The carbon flux estimates of the Catchment-CN model generally agree with
other statistics-based and model-based estimates. The GPP estimates from our
control simulation (which utilized the full complement of atmospheric
CO2 variability contained within the CarbonTracker dataset) validate
reasonably well with the MTE-GPP dataset, a widely used product for model
evaluation, and our NBP estimates are also consistent to the first order with
results from the diagnostic CASA GFED3 model (a bottom-up approach) and the
atmospheric inversions (a top-down approach). The agreement supports our use
of the Catchment-CN model in the experiments outlined in Fig. 1.

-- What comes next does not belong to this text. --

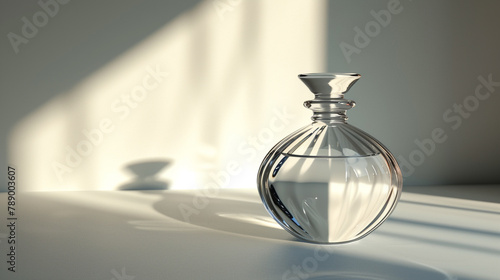 An artistic portrayal of a simple perfume bottle model with clean lines and elegance, photographed in high definition to showcase its simplicity photo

Ignoring the various facets of temporal variability in CO2 leads to
increases in the mean global GPP simulated by the process-based model. The
diurnal component of the variability is particularly important; ignoring it
increases the estimated mean global GPP by 0.5 PgCyear-1.
Ignoring the spatial variability in atmospheric CO2, however,
leads to a decrease in mean global GPP, with decreases in the Northern
Hemisphere and increases in the Southern Hemisphere. The overall decrease of
0.05 PgCyear-1 is smaller than the increase associated with ignoring
temporal variability.
For estimating multiyear mean GPP, the effect of neglecting interannual
variations in atmospheric CO2 is small. Ignoring the long-term trend,
however, can have important implications; the differences at the beginning
and end of the period (up to a 1.4 PgCyear-1 difference between the year 2001
and the year 2014 in this study) can be much greater than the effect of
ignoring the diurnal CO2 variation.
The impacts of ignoring temporal and spatial variability vary with region.
The sensitivity in the tropics tends to be the largest. The seasonal
variability in atmospheric CO2 plays a particularly important role in
the NH boreal regions during fall. Spatial variability in CO2 is
important in temperate regions, offsetting the local impacts of temporal
variability on GPP.
The magnitude of the sensitivities found is small, particularly at the
global scale. The proper imposition of realistic CO2 variability in
offline studies will incur only slight modifications to the terrestrial
carbon fluxes computed. This said, the imposition of realistic CO2
variability is straightforward and could have more significant impacts on
quantified regional and seasonal fluxes.
The carbon flux estimation sensitivities highlighted herein are, of course,
model dependent. The sensitivities are subject to model-specific assumptions
and parameters (see the MsTMIP inter-model comparison study; Ito et al.,
2016) and to the selection of the meteorological inputs (Poulter et al.,
2011). Still, as noted in Sect. 3.3, the sensitivity of GPP to CO2
increases in the Catchment-CN model is similar to that in other
state-of-the-art models, suggesting that the results herein are broadly
applicable and that DGVM-based estimates in the literature of global GPP may
be subject to the noted biases, small as they are found to be here.